In physical therapy school, one of the things that we are taught to screen for is non-mechanical pain. This is theoretically linked to non-musculoskeletal origin. How do we identify non-mechanical pain? Typically, it is constant and unchanging with different positions. You would think that would be easy to identify, but upon encountering your patients, I'm sure you have learned that isn't exactly always the case.
Upon learning how to implement repeated motions, a positive sign for good results is intermittent pain. These patients tend to respond extremely well to this treatment form. However, that doesn't mean constant pain won't respond. First of all, frequently patients who report their pain is constant don't necessarily understand that constant is associated with 24 hours a day 7 days a week. So make sure you clarify that first. Second, if a patient can find more comfortable or uncomfortable positions or activities that can help to identify the excessive loading pattern and directional preference.
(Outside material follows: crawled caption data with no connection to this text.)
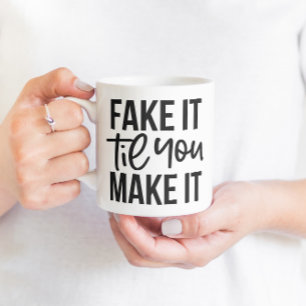 Fånga det tills du gör det. kaffemugg
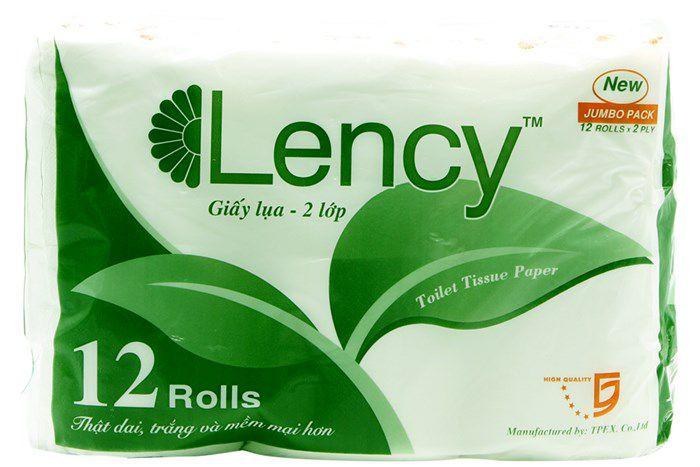 Giấy vệ sinh Lency 12 cuộn 2 lớp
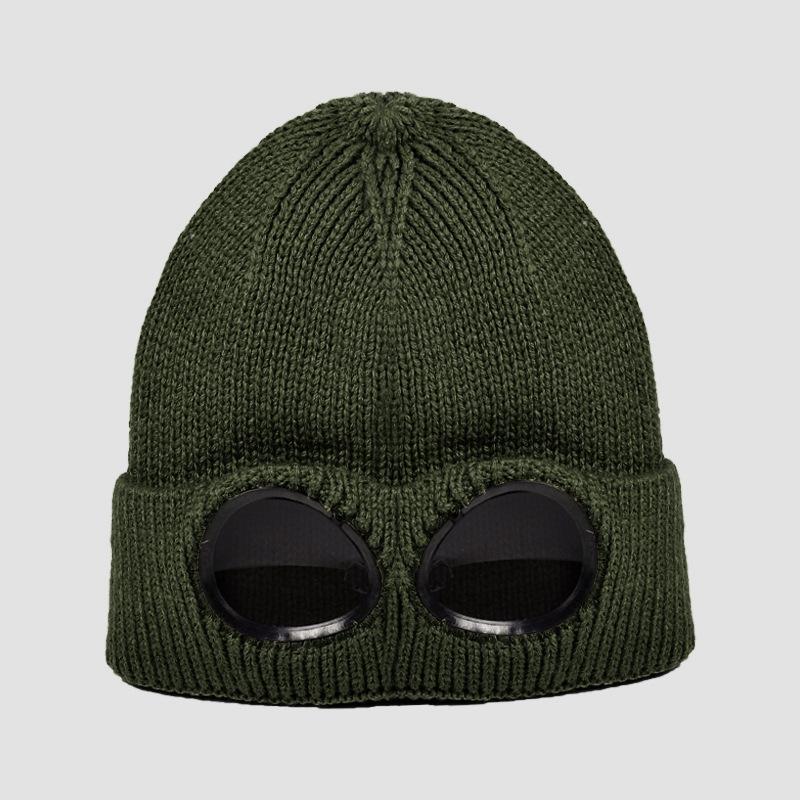 Women's Winter Hat Neck Set Plush Windproof Glasses Warm Ear Protector Cap Knitted Hat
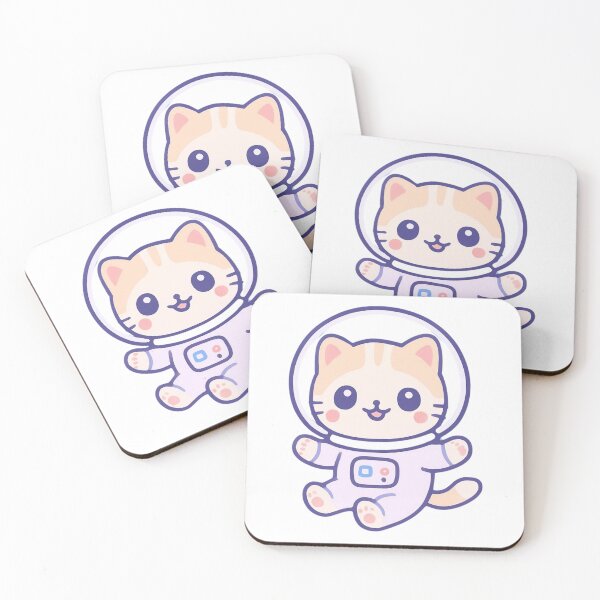 Item preview, Kawaii Astronaut Kitten | Cute Space Cat Art designed and sold by Noxivora.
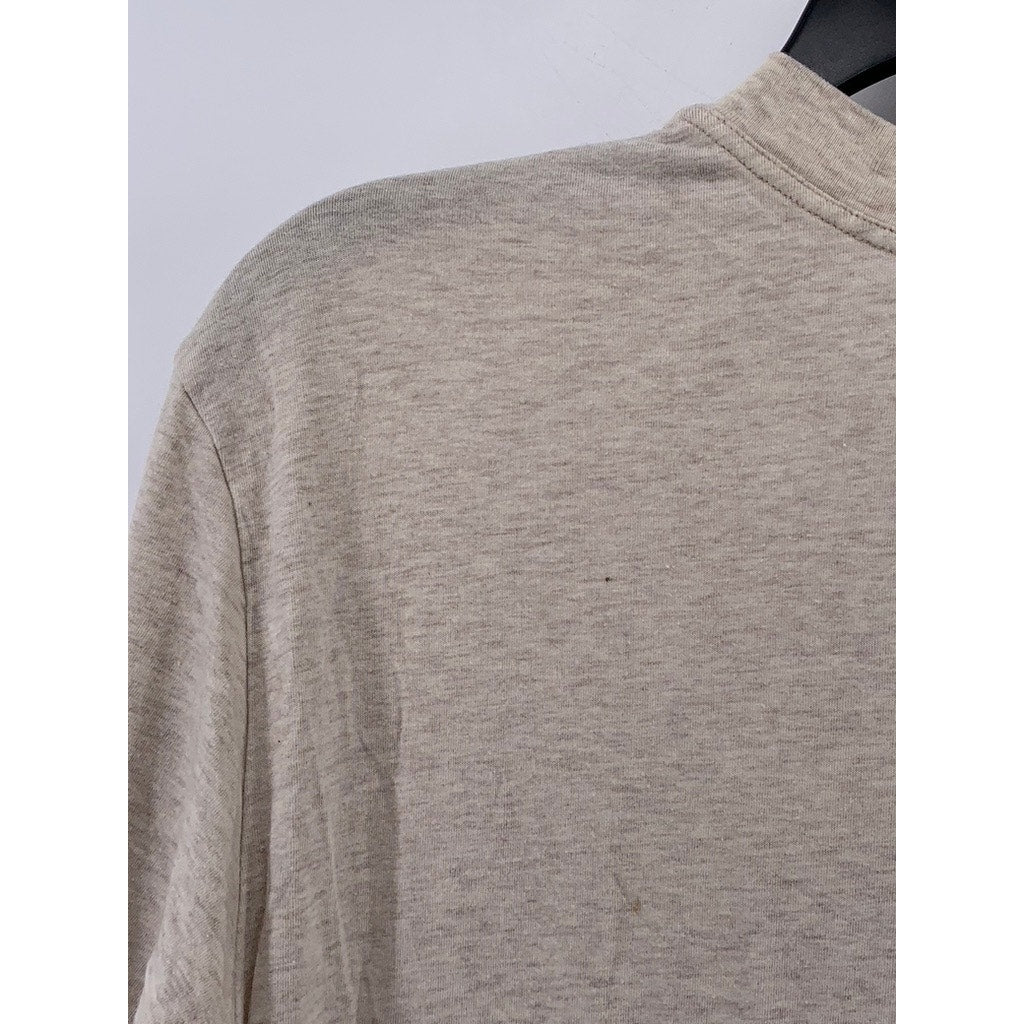 SKIMS Men’s Oatmeal Crewneck Flex T-Shirt SZ S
Now in some rare cases, a patient will continue to report a constant unchanging pain. I had this happen several days ago. This patient from the initial evaluation had a demeanor that was not interested in physical therapy and consistently stated her pain was unchanging, yet didn't really have much interest in pursuing physical therapy other than her doctor telling her to attend. I proceeded to assess repeated sideglides for her hip pain, using pain with walking as her asterisk sign. After about 60 repetitions, the pain had significantly reduced and my patient was in disbelief.
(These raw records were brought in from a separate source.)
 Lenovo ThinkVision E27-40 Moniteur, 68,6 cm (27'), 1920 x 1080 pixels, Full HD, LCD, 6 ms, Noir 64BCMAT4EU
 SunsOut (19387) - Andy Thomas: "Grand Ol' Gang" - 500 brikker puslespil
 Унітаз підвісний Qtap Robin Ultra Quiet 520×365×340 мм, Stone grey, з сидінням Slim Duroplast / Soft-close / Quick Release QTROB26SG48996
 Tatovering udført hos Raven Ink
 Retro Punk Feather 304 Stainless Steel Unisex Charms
While this patient did respond to repeated motions with her constant pain, that doesn't necessarily mean all constant pain will respond accordingly. It can be a red flag, but remember 1 red flag by itself doesn't necessitate referral. Make sure you really question your patients on the pattern of their pain and for any potential aggravating/alleviating factors. This will help to narrow down those who have pain of musculoskeletal origin.